▶ [Task details]: In your copy, each line below is repeated exactly and no image appears.

▶ [Data below]:
::::::::
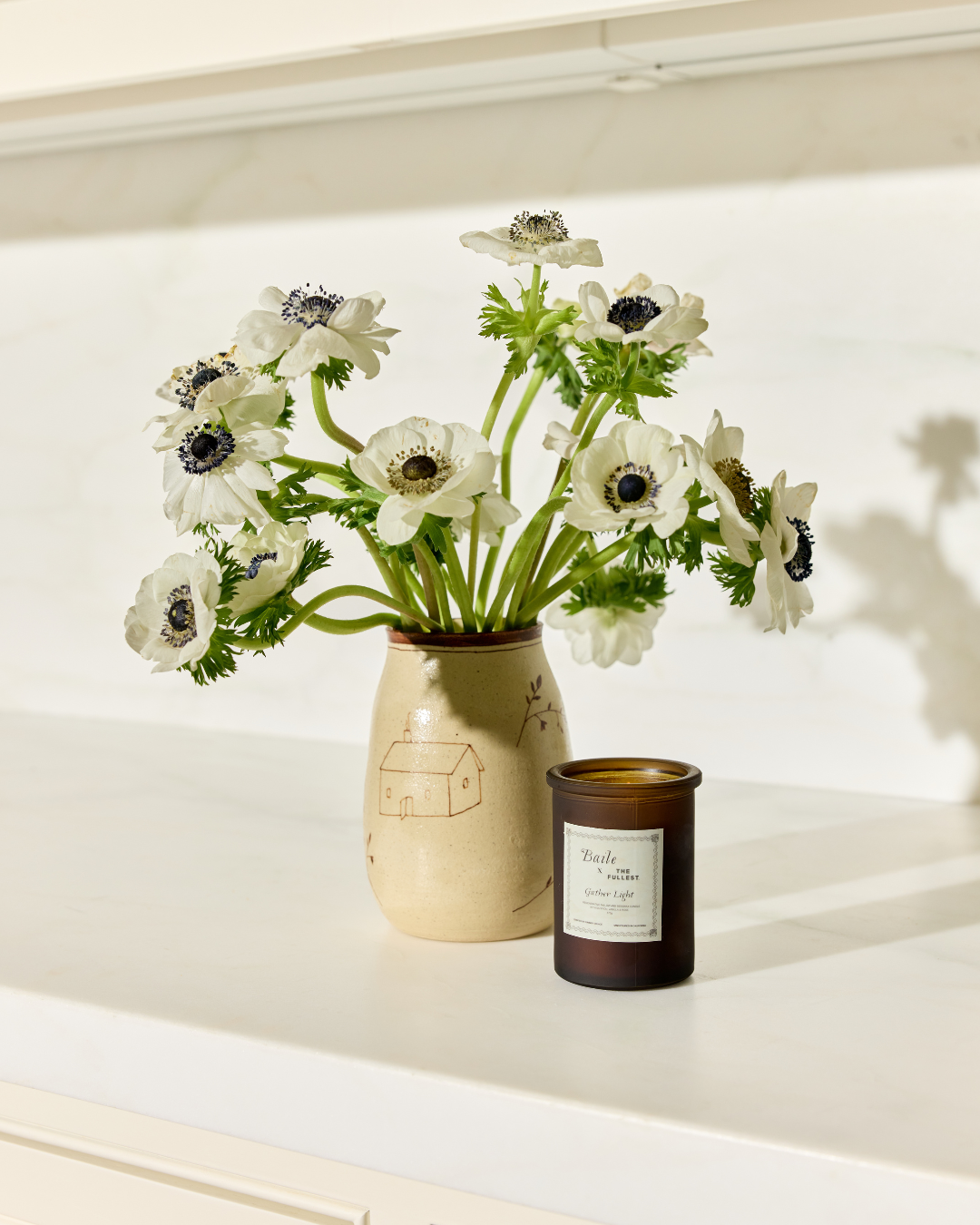 The Baile Homestead Vase by Baile, filled with white anemones, sits on a white countertop beside a brown "Field" candle jar. Sunlight casts soft shadows in the background.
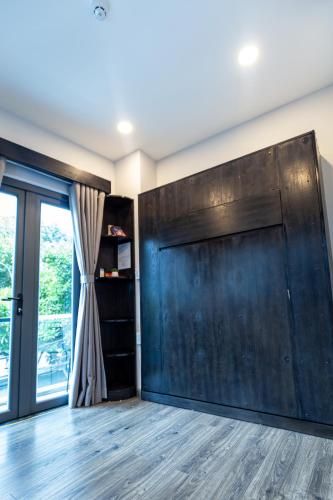 a sliding barn door in a room with a window at Brand New Cozy Home in D1 wBalcony in Ho Chi Minh City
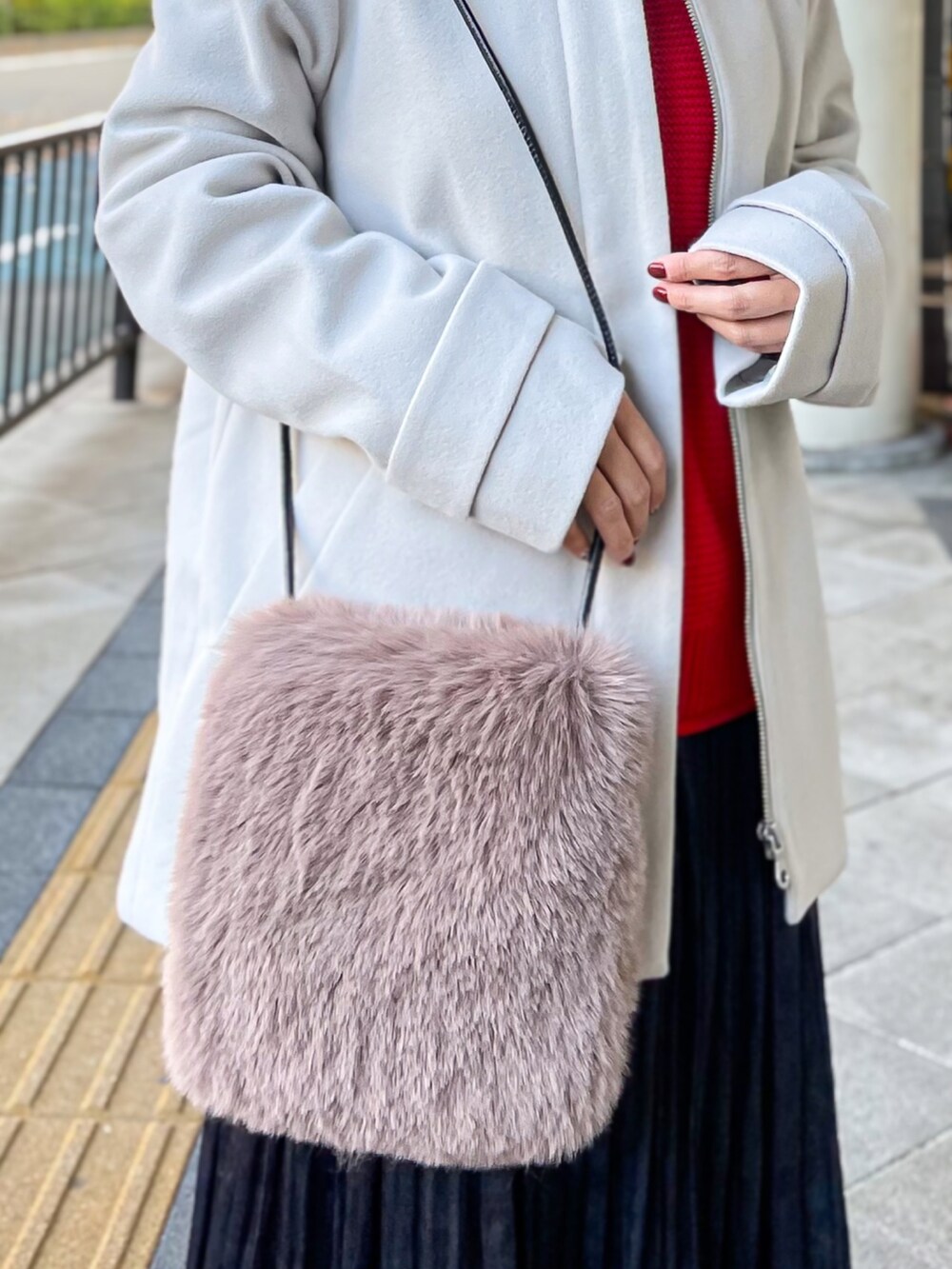 ベージュ系のその他アウター、レッド系のニット/セーター、ブルー系のスカートを着用したレディースの冬コーディネートの5枚目の写真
::::::::
▶ [Completed task]:
 The Baile Homestead Vase by Baile, filled with white anemones, sits on a white countertop beside a brown "Field" candle jar. Sunlight casts soft shadows in the background.
 a sliding barn door in a room with a window at Brand New Cozy Home in D1 wBalcony in Ho Chi Minh City
 ベージュ系のその他アウター、レッド系のニット/セーター、ブルー系のスカートを着用したレディースの冬コーディネートの5枚目の写真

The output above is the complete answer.